[This is reprinted from Worlds Without End – originally published 5/11/18]
- Children of the Atom by Wilmar H. Shiras (collection)
- The Best Science Fiction Stories: 1949 edited by Bleiler & Dikty
- Children of Wonder edited by William Tenn
- The Science Fiction Hall of Fame Volume 2B edited by Ben Bova
- The Great SF Stories 10 (1948) edited by Asimov & Greenberg
Warning: This column contains mild spoilers
I just finished listening to the new audiobook edition of The Science Fiction Hall of Fame Volume 2B. “In Hiding” turned out to be my favorite story in the collection. I don’t think I’ve read it before, although it feels vaguely familiar. And I had no memory of ever encountering the author, Wilmar H. Shiras, before. It turns out Wilmar was a woman, making her only the third woman writer in the first three volumes of The Science Fiction Hall of Fame.
“In Hiding” is a quiet story about a boy who is so smart that he has to hide his intelligence from other kids and grown-ups. I thought it a remarkable story, and so did the readers of Astounding Science-Fiction back in November 1948. “In Hiding” scored first place in “The Analytical Laboratory,” with an average score of 1.54, meaning most readers put it at the top of their list. That doesn’t happen often. John W. Campbell, the editor had this to say:
Wilmar H. Shiras sent in her first science fiction story, “In Hiding.” I liked it and bought it at once. Evidently, I was not alone in liking it: it has made an exceptional showing in the Lab here—the sort of showing, in fact, that Bob Heinlein, A. E. van Vogt, and Lewis Padgett made with their first yarns. I have reason to believe we’ve found a new front-rank author. Incidentally, there’s a sequel to “In Hiding” coming up in the March issue.

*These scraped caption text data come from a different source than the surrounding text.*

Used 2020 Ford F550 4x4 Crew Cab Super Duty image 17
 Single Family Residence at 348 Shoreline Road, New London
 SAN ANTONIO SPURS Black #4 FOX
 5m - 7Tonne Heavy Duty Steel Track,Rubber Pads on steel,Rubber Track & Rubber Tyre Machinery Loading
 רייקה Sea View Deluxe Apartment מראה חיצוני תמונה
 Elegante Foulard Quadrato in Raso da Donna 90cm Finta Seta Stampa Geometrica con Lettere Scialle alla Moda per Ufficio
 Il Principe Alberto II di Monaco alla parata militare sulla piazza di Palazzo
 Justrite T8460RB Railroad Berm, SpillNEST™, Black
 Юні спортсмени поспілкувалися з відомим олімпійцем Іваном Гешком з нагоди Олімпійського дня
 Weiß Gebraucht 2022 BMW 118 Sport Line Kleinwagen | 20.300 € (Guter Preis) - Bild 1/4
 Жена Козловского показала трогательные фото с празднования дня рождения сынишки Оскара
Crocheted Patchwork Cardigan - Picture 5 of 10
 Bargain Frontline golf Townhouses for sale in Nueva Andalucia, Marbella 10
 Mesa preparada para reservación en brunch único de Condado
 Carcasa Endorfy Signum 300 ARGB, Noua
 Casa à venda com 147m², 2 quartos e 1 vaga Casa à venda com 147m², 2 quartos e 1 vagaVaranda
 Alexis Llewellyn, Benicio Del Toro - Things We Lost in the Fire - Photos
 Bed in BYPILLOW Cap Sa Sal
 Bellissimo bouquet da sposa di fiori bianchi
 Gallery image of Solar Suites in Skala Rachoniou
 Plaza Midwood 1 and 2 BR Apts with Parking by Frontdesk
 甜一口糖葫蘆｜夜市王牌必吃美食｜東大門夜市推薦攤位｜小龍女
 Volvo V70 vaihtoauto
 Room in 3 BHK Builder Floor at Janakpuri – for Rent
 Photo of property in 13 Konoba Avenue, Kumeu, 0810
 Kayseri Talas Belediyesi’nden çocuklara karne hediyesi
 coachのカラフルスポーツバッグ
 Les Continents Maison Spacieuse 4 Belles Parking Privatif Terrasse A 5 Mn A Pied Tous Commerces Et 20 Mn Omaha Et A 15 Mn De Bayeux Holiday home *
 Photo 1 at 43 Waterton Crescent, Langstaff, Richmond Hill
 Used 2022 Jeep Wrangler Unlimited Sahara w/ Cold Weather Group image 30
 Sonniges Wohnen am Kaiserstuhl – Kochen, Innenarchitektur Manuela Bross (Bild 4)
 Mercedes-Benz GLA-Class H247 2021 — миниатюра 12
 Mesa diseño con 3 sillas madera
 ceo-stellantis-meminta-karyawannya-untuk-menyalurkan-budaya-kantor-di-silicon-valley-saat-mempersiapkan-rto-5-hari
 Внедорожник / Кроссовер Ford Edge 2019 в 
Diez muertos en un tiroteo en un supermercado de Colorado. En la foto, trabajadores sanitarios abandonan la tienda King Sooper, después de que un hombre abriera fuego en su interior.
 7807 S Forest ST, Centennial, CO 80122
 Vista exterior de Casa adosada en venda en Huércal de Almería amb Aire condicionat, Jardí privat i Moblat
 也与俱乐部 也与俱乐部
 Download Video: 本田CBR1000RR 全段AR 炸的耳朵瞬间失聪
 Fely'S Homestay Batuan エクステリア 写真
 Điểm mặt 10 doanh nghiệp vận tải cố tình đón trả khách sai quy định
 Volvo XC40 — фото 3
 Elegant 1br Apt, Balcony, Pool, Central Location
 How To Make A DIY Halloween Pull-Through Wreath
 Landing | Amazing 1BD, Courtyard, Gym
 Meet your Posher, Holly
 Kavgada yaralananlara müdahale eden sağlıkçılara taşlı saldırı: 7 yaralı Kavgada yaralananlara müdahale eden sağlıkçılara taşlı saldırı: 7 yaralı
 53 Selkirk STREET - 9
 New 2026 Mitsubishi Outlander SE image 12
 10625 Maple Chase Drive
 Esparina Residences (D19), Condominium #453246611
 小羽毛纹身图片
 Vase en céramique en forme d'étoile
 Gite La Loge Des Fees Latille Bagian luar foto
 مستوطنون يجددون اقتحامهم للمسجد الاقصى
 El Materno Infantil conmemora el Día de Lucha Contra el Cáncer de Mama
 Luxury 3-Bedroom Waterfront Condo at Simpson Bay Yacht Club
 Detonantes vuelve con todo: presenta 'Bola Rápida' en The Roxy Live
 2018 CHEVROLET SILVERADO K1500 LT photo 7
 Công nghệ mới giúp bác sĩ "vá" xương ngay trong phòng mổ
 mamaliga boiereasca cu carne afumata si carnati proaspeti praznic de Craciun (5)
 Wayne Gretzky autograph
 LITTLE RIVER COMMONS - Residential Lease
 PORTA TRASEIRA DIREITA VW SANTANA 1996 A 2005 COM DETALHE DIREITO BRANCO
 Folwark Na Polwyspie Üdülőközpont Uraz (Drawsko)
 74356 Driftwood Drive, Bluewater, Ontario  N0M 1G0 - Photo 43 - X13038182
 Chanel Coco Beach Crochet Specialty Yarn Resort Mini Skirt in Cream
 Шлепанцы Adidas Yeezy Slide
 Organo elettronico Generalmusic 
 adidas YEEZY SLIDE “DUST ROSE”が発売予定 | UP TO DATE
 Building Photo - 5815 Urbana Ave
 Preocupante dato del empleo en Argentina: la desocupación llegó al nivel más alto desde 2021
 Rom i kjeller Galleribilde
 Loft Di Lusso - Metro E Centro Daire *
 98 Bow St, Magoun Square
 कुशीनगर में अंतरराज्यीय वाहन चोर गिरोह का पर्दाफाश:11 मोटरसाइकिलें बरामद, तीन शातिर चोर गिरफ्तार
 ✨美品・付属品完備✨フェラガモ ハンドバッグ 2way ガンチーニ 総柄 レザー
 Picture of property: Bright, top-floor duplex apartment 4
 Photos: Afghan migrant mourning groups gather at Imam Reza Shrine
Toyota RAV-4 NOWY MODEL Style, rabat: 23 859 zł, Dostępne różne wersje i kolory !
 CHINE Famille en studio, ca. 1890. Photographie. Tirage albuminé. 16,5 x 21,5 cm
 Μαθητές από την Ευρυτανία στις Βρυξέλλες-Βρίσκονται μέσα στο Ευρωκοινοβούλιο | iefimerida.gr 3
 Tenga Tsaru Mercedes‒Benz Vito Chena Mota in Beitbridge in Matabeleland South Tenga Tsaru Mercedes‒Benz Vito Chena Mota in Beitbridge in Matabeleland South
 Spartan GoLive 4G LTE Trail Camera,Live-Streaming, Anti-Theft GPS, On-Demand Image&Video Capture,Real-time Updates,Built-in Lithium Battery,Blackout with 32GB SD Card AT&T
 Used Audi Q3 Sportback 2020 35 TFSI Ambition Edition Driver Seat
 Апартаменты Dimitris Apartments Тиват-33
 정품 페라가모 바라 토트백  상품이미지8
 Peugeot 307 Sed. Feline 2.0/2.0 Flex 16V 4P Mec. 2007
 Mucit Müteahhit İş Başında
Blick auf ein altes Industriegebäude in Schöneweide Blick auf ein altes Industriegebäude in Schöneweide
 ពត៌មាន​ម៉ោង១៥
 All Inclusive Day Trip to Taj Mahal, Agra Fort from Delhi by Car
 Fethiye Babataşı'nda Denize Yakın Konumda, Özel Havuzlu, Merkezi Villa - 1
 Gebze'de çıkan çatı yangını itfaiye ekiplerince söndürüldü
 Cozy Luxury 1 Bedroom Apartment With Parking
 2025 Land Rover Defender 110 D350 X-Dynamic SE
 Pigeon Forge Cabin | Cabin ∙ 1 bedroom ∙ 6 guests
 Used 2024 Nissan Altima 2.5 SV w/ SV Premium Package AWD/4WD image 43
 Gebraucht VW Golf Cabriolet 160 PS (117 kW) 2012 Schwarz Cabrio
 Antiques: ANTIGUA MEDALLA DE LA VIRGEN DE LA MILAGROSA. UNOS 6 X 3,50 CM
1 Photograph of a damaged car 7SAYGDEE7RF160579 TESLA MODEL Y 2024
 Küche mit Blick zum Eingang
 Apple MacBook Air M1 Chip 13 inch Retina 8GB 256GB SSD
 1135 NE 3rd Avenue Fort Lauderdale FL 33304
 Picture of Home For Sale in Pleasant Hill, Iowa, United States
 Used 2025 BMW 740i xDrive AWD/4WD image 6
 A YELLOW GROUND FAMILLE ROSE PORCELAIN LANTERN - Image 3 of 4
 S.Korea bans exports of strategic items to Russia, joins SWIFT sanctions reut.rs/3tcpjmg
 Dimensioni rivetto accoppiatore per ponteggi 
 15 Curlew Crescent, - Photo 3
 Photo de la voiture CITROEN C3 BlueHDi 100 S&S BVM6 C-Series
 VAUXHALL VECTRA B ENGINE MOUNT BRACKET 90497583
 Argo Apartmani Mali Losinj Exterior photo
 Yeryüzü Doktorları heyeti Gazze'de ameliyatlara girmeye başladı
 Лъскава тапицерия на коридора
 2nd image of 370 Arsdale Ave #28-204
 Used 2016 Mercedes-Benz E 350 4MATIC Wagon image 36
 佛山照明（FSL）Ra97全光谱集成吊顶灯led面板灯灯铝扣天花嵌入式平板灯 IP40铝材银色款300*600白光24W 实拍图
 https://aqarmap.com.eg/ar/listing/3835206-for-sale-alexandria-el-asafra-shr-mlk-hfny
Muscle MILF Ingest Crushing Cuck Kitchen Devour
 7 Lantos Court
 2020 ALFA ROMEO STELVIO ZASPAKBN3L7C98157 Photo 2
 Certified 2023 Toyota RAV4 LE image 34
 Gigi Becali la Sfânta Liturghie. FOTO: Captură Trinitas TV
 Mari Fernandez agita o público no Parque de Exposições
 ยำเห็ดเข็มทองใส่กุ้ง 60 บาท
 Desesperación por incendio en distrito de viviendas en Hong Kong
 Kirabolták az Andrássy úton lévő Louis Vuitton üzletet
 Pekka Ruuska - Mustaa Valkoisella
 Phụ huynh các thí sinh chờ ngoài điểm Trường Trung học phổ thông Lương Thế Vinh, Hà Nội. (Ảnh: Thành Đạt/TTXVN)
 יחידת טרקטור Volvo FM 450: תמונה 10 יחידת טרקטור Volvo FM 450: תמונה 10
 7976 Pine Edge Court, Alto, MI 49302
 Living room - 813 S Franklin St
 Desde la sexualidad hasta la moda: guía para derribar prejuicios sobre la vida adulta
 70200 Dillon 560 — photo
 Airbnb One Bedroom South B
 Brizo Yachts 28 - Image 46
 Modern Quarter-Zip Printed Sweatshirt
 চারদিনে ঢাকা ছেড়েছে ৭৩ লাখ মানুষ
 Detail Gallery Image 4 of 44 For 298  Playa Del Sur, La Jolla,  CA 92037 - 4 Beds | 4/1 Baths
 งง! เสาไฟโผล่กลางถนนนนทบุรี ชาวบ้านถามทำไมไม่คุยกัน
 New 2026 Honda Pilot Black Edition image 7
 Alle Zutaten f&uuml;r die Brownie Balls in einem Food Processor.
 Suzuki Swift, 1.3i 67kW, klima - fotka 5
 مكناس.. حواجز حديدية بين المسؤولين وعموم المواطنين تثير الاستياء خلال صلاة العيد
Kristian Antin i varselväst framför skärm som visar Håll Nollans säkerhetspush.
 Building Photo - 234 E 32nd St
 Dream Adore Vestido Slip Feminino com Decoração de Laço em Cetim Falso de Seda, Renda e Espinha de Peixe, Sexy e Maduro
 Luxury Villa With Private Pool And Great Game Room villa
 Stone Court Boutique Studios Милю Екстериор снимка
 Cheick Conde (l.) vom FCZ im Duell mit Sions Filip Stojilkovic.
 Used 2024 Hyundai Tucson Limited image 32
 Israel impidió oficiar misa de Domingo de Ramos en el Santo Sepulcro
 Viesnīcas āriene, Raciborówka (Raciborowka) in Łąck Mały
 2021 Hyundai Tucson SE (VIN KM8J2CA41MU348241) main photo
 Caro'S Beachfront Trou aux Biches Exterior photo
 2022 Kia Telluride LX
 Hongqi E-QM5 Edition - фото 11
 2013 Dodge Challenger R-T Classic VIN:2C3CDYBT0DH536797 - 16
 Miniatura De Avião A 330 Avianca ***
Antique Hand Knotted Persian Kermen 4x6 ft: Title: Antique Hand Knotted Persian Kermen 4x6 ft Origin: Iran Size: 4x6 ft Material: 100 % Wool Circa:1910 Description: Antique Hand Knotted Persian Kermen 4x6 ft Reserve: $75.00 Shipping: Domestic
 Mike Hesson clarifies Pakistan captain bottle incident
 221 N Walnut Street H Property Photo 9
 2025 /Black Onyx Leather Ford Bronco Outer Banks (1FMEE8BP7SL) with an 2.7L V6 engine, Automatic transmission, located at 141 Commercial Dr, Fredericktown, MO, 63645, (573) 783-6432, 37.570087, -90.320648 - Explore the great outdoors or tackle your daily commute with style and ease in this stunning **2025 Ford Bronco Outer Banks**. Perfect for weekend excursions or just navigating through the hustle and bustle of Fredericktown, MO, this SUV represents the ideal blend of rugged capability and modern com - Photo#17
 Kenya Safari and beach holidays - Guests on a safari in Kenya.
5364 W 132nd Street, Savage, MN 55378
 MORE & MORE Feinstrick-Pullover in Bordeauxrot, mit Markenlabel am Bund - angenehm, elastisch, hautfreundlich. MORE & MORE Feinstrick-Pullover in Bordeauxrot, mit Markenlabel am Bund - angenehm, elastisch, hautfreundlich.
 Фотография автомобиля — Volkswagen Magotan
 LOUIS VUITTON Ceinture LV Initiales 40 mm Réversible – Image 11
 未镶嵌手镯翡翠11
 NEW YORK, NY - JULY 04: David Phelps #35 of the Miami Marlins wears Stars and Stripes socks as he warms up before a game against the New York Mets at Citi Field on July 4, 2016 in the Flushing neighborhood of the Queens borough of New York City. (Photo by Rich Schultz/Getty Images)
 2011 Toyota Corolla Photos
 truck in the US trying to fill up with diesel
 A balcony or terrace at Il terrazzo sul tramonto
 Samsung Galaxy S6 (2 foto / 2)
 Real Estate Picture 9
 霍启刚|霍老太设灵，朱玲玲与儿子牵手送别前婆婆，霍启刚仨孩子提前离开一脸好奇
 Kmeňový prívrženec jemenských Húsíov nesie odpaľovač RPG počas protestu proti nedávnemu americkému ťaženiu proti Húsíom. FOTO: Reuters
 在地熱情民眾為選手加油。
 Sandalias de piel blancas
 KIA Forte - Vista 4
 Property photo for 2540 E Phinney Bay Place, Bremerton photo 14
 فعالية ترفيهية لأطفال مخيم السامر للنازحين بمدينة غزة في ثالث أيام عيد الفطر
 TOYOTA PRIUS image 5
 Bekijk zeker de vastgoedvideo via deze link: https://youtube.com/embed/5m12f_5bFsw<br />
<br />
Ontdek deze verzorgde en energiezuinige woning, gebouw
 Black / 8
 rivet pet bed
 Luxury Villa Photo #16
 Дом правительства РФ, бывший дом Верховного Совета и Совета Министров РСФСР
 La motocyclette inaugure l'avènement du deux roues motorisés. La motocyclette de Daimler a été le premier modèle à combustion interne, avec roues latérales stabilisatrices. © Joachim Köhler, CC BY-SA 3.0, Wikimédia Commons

Shiras wrote two more stories for Campbell, “Opening Doors” (March 1949) and “New Foundations” (March 1950). In 1953 Shiras came out with Children of the Atom from Gnome Press by including the three Astounding stories and writing two more to create a collection. Although this book has been reprinted many times over the years, it’s not well-known, and Wilmar H. Shiras only wrote a handful of other stories, including three for Ted White’s Fantastic in the early 1970s. It’s a shame that Campbell was wrong about her, and she didn’t become a major science fiction writer. Wikipedia has damn little about Shiras. She got married at 18, had two boys and three girls. Children of the Atom is the main reason she is remembered, and only by a few old fans.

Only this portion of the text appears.